Ajeng, Andin dan Ayu saling pandang saat seorang siswa meminta mereka untuk datang ke ruang guru. Sepertinya, mereka tahu apa yang terjadi sehingga mereka dipanggil sekarang. Tetapi, ketiga gadis itu masih berusaha berpikir positif.
"Duh, gue deg-degan, masa." ucap Andin saat mereka berjalan di koridor.
"Itu karena kita idup gak, sih? Makanya deg-degan." sahut Ajeng sekenanya.
Ia hanya tidak ingin membuat suasana semakin memanas dan diserang kepanikan. Jadi, sebisa mungkin membuat jokes yang bisa membuat suasana lebih santai.
"Nggak lagi pengen bercanda, ya." Andin memutar bola matanya malas.
"Jangan tegang-tegang amat, sih."
"Bisa-bisanya lo santai sementara posisi kita kayak mau dibantai!" Ayu yang awalnya hanya diam pun akhirnya bersuara.
Mereka bertiga sampai di depan ruang guru. Tetapi, mereka masih tetap berdiri dan tak berani untuk sekedar mengetuk pintunya atau permisi masuk.
"Lo masuk duluan, Jeng." Andin mendorong bahu Ajeng pelan.
"Ih jangan dorong-dorong. Ntar, pintunya kebuka!" balas Ajeng yang kini menghindar.
"Iya lo masuk duluan, sana. Kan, ini masalah ada gara-gara lo." tambah Ayu.
Ajeng menggeleng keras. Bukankah seharusnya mereka masuk bersama?
"Nggak mau! Kita masuk sama-sama." tolak Ajeng tegas.
Di tengah keributan ketiga remaja ini, guru yang memanggil mereka keluar dari ruangan karena mendengar suara berisik di depan pintu.

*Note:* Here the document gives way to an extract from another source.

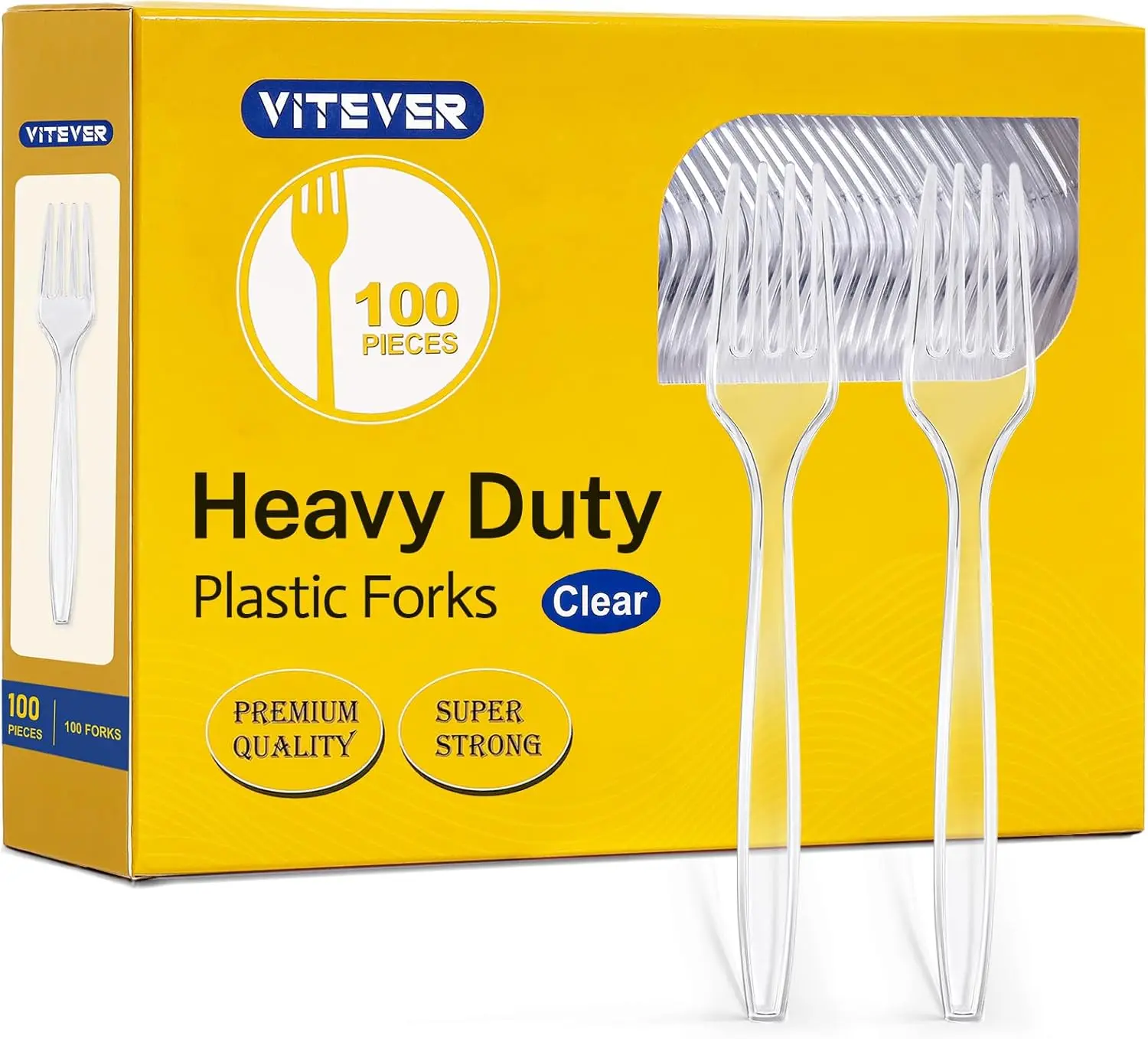 100 Count Clear Plastic Forks Heavy Duty Premium Disposable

"Ajeng, Andin, Ayu. Kalian sudah di sini? Kenapa nggak langsung masuk?" tanya sang guru tegas.
Hal itu membuat ketiga remaja yang berdiam diri di depan pintu ruang guru itu kikuk.

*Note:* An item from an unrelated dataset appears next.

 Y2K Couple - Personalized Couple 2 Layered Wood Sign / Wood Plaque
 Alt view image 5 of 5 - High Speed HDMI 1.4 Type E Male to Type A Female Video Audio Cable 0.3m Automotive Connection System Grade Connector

"Eh malah pada bengong. Ayo masuk!"
"I-iya, Bu." sahut ketiganya gugup.
Sang guru masih belum bicara saat Ajeng, Andin dan Ayu sudah duduk bersebrangan dengannya. Hal itu membuat ketiganya semakin gugup. Tetapi, tidak berani bertanya karena sudah jelas tahu apa yang akan menjadi permasalahan kali ini.
"Ada yang bisa menjelaskan?"
Ajeng menutup matanya erat saat sang guru mengangkat angket miliknya.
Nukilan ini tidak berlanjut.